### STORED DATA:
#####
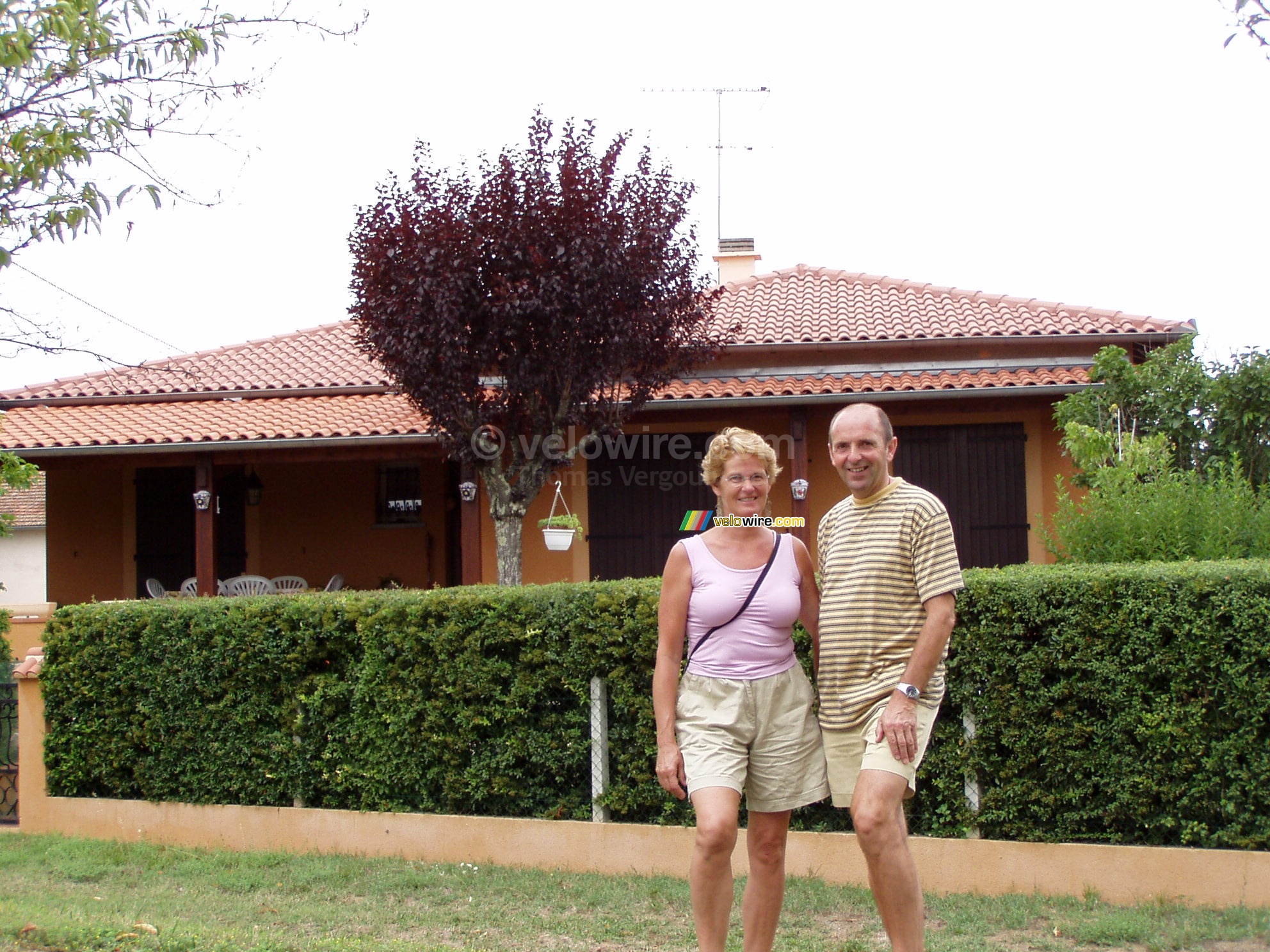 Mijn ouders trots voor hun tweede huis in Couffouleux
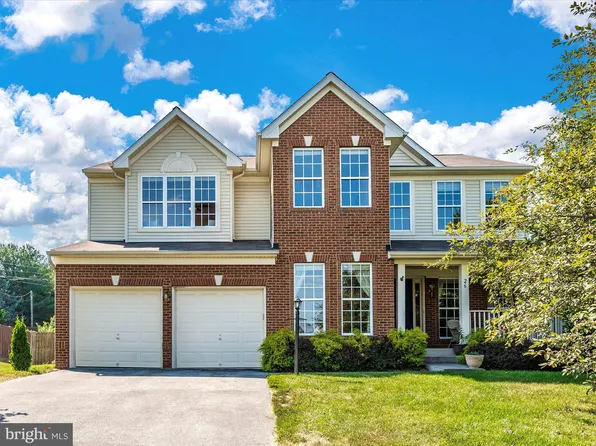 26 Rustling Leaf Pl, Kearneysville, WV 25430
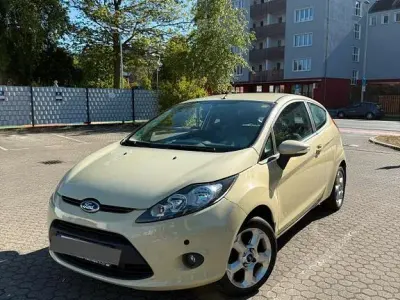 Usata Ford Fiesta Titanium 97 CV (71 kW) 2009 Beige Berlina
#####
Each line above should be output exactly, apart from the pictures.

 Mijn ouders trots voor hun tweede huis in Couffouleux
 26 Rustling Leaf Pl, Kearneysville, WV 25430
 Usata Ford Fiesta Titanium 97 CV (71 kW) 2009 Beige Berlina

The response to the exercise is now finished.